Ok

En poursuivant votre navigation sur ce site, vous acceptez l'utilisation de cookies. Ces derniers assurent le bon fonctionnement de nos services. En savoir plus.

« 2008-08 | Page d'accueil | 2008-10 »

30/09/2008

Festival America

Ce week-end a décidément été très littéraire, puisqu'après la soirée Fnac, j'ai passé mon dimanche après-midi à Vincennes pour le dernier jour du festival America (littératures et cultures d'Amériques du Nord).
Pour sa quatrième édition, le festival proposait un salon du livre, un café littéraire, des lectures, débats, rencontres, expositions, films et même concerts. Le programme était donc très chargé, et je n'ai profité que du salon du livre et de deux conférences. J'ai également vu quelques photos de l'exposition accrochées au salon (trop haut cependant, ce n'est qu'après avoir remarqué le panneau que j'ai pensé à lever les yeux au ciel pour profiter des photos).

Quelques minutes après mon arrivée, je craquais déjà pour David Treuer.
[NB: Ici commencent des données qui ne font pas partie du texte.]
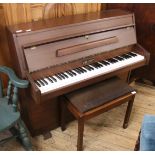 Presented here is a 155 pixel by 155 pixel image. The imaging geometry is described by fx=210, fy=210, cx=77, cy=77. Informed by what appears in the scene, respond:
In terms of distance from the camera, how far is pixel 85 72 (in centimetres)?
165

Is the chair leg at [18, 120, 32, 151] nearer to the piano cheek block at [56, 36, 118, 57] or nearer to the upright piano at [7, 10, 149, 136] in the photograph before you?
the upright piano at [7, 10, 149, 136]

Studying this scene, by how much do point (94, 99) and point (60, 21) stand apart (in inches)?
27.0

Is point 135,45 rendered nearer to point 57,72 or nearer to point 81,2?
point 81,2

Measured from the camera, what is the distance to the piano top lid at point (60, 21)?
60.4 inches

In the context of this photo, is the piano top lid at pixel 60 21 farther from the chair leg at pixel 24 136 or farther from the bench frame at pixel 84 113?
the chair leg at pixel 24 136

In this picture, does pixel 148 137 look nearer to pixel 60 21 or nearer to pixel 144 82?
pixel 60 21

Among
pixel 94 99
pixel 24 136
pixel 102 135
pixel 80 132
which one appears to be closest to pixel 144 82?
pixel 102 135

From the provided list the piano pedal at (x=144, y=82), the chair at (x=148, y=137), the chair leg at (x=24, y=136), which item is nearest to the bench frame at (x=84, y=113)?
the chair leg at (x=24, y=136)

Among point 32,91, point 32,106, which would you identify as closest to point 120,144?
point 32,106


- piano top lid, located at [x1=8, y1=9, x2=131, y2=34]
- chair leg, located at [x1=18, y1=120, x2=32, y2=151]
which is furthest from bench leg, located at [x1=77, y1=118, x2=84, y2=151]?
piano top lid, located at [x1=8, y1=9, x2=131, y2=34]

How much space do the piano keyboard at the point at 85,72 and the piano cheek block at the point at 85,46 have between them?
0.15 metres

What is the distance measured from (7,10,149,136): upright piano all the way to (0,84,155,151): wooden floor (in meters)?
0.14

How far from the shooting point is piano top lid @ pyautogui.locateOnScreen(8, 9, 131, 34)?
153 centimetres

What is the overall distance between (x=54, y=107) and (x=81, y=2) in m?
0.99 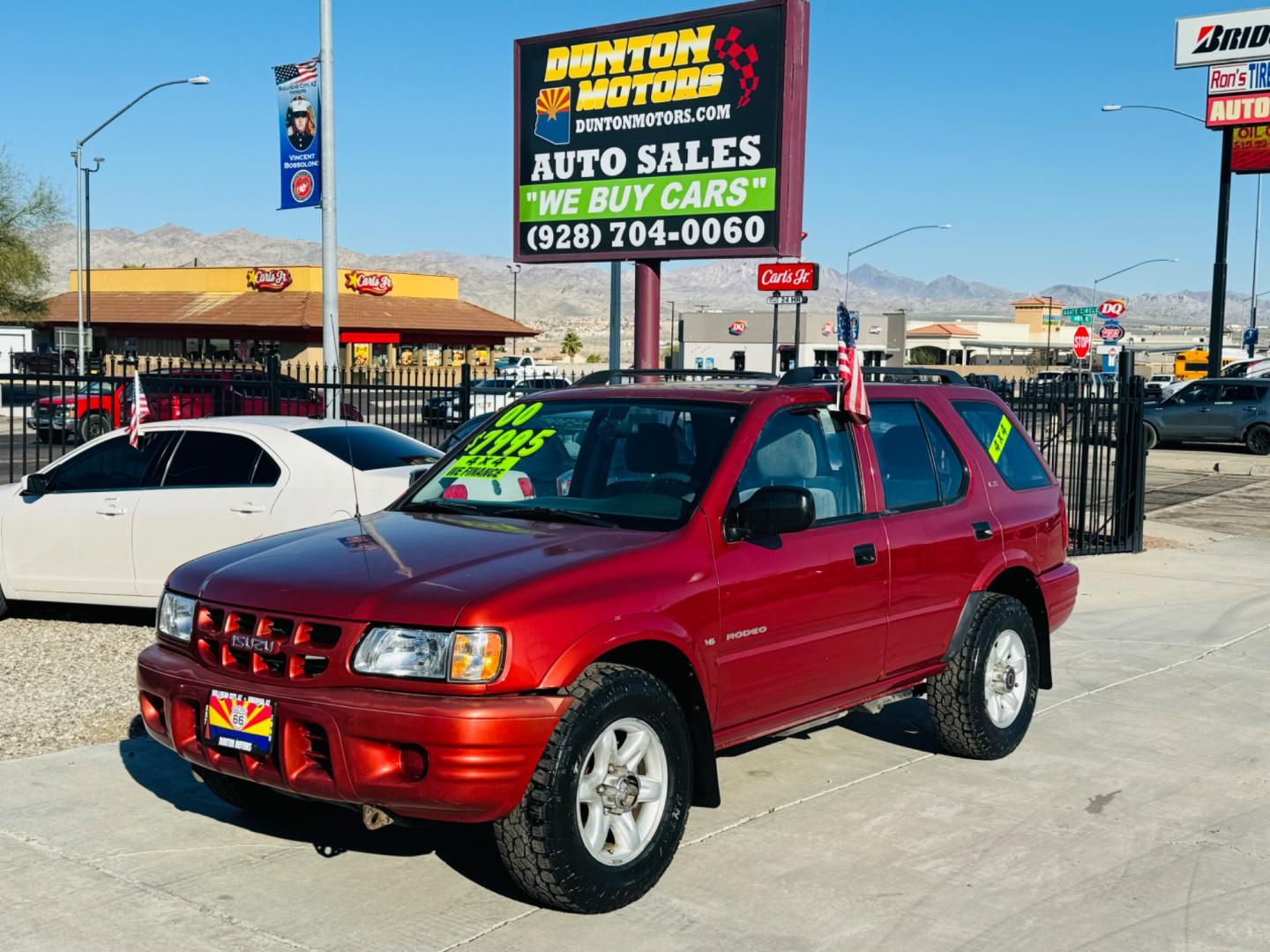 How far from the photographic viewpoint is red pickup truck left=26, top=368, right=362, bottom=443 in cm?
1362

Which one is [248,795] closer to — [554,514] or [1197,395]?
[554,514]

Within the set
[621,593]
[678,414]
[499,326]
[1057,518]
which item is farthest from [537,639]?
[499,326]

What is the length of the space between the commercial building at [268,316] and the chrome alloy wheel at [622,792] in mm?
53255

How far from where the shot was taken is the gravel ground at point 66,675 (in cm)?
716

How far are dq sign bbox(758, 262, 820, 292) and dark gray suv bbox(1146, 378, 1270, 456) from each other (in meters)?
8.40

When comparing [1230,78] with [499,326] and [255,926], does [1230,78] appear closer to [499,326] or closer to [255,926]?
[499,326]

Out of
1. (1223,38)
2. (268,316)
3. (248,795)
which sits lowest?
(248,795)

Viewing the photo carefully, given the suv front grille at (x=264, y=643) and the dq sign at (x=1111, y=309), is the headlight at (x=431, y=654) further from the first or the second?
the dq sign at (x=1111, y=309)

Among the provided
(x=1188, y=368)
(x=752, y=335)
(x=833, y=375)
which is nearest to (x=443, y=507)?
(x=833, y=375)

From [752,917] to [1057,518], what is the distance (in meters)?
3.55

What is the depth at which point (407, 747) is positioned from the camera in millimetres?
4449

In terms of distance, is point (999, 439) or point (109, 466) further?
point (109, 466)

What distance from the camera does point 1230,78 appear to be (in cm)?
4756

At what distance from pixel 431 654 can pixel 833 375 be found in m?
2.81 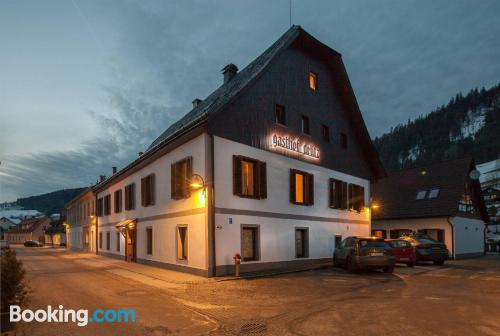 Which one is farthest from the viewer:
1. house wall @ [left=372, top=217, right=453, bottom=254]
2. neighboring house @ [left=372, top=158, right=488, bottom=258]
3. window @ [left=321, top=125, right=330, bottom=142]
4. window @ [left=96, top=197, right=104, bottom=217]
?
window @ [left=96, top=197, right=104, bottom=217]

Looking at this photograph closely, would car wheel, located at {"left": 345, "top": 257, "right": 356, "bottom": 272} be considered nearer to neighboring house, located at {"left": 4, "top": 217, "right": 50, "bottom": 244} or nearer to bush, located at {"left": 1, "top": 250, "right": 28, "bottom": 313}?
bush, located at {"left": 1, "top": 250, "right": 28, "bottom": 313}

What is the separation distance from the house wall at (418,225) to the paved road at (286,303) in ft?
40.3

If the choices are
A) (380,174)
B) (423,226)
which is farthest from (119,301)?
(423,226)

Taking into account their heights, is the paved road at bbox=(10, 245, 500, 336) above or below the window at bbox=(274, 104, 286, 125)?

J'hésitais entre ses trois livres mais décidaient de suivre les conseils de l'auteur et partait avec une dédicace et son troisème et dernier roman, Le manuscrit du Docteur Apelle. J'ai appris le soir même que le monsieur avait déjà fait une victime en la personne de Caro[line]. Cette demoiselle a décidément une passion pour les David :)

Alors là attention, mesdames et messieurs, roulements de tambours, il s'agit du seul et unique livre acheté. Non que l'envie me manque, mais la simple pensée de ma PAL m'a retenue. Atteindrais je l'age de raison? Hum, mes 250 livres non lus qui envahissent tous les recoins de mon appartement crient, hurlent, non!

Rejointe par une chasseuse de dédicaces, Slo (qui elle n'a pas été raisonnable), nous nous sommes dirigées vers l'espace Shakespeare, pour écouter les écrivains intervenants. Tout d'abord ce fut Lionel Shriver, auteur de Il faut qu'on parle de Kevin. Attention, Lionel est une femme, ne pas oublier qu'aux US les prénoms sont souvent unisexes. Cela peut surprendre!
Ce fut un intéressant débat de société autour du livre de Lionel Shriver. Je n'ai eu qu'un seul regret, ne pas entendre plus de précision sur son travail d'écrivain.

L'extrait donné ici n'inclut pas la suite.